The U.S. House came within a day of a rare recorded vote on whether to strip Israel of $3.3 billion in annual military aid... until the whole effort collapsed. An amendment from Rep. Thomas Massie (R-Ky.), backed by progressive Democrats including Alexandria Ocasio-Cortez and Greg Casar, would have zeroed out the funding. But on June 30, the underlying State Department spending bill fell apart when a bipartisan coalition voted down the procedural rule needed to even begin debate. The amendment never reached the floor, yet the fight laid bare how sharply the politics of Israel have shifted.
Recent surveys show a striking change in how Americans view U.S. support for Israel. A February 2026 Gallup poll found 41% of Americans sympathize more with the Palestinians than the Israelis (36%) — the first time Israel has trailed since Gallup began tracking the question in 2001. A June 2026 Quinnipiac University poll found 48% of voters believe the United States is "too supportive" of Israel, the highest share since the pollster first asked the question in 2017.
The amendment became a litmus test for a divided party. Casar said Americans should not be "financing more weapons for Netanyahu," citing Israel's conduct in Gaza, which many critics describe as a campaign of genocide. Israel firmly rejects the charge. Gaza health officials now reporting more than 72,000 deaths, nearly half of them women and children.

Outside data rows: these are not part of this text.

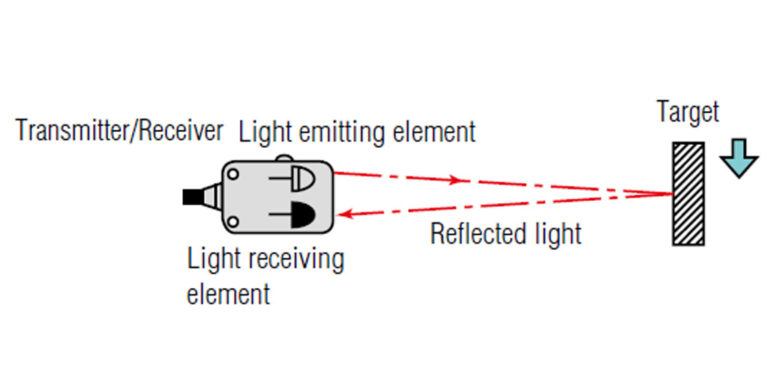 Diffuse photoelectric sensor
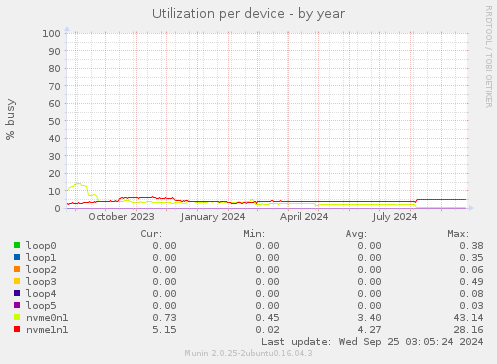 Utilization per device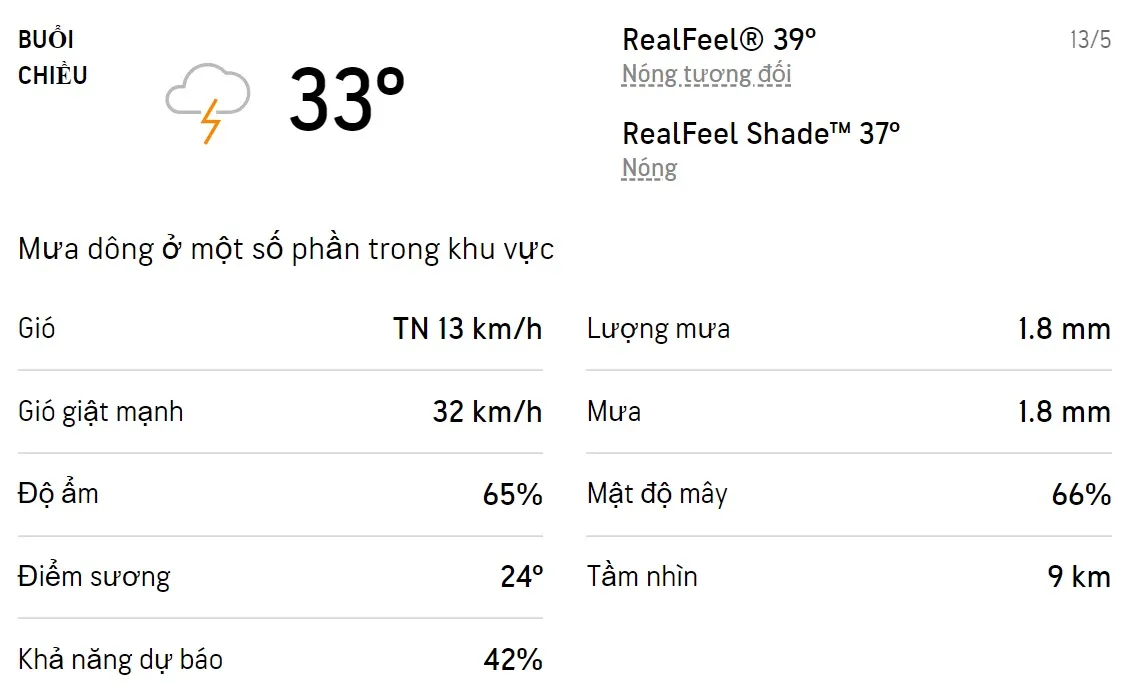 Dự báo thời tiết TPHCM hôm nay 12/5 và ngày mai 13/5/2022: Cả ngày có mưa dông 5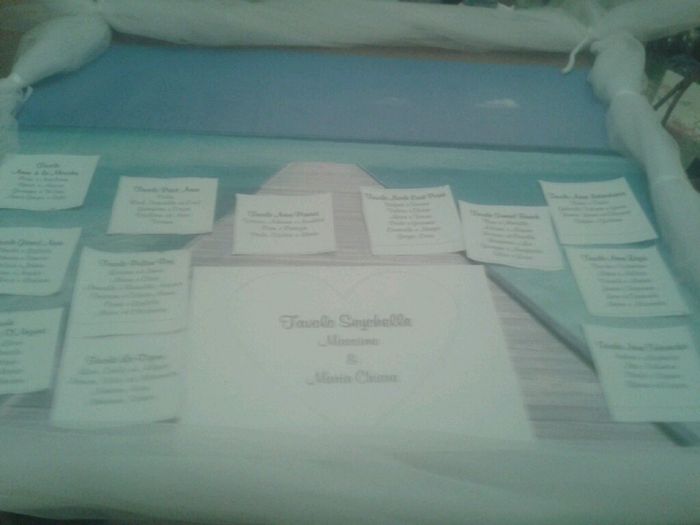 -2 domani giorno di consegna help! - 5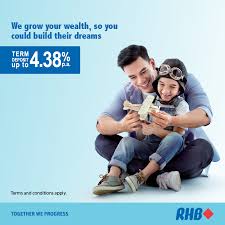 The fixed deposit interest rates listed here promotional rates which change monthly. Facebook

Centrists like Rep. Jerry Nadler (D-N.Y.) called the measure "poorly drafted," warning it could choke off diplomatic and humanitarian funds. Behind closed doors, members shared various points of view, with one anonymous Democrat conceding, "We know it's crap, but…" Rep. Bennie Thompson (D-Miss.), a longtime member, summed up the tension bluntly: "I've been around a long time, never seen it."
Lost in the moral argument is a simpler question: Why are Americans still footing the bill? The $3.3 billion sent to Israel each year — part of a 10-year, $38 billion agreement signed in 2016 — flows overseas at a time when families at home face real economic strain. Notably, even some Republicans and senior Democrats now favor winding the aid down, especially after Netanyahu himself said Israel should reduce its "dependence" on Washington. For a nation fielding the most advanced military in its region, the case for open-ended American subsidies grows harder to defend.
The amendment's defeat will not end the reckoning. Ocasio-Cortez's own words trace her party's drift: "mass inhumanity" in January 2024, an "unfolding genocide" by that March, and by February 2026 a flat charge that U.S. aid "enabled a genocide in Gaza."
In the wake of the 2024 election, Democratic strategists concluded the party's Gaza policy had cost it at the ballot box, and progressive challengers have since unseated establishment incumbents such as Rep. Adriano Espaillat (D-N.Y.). With the issue poised to loom over the midterms, Sen. Brian Schatz (D-Hawaii) may have put it best: "The timing is right for us to have a tough conversation."
Whatever Washington ultimately decides, a growing share of Americans have already reached their own conclusion: the spending, and the policy it underwrites, no longer serves their interests.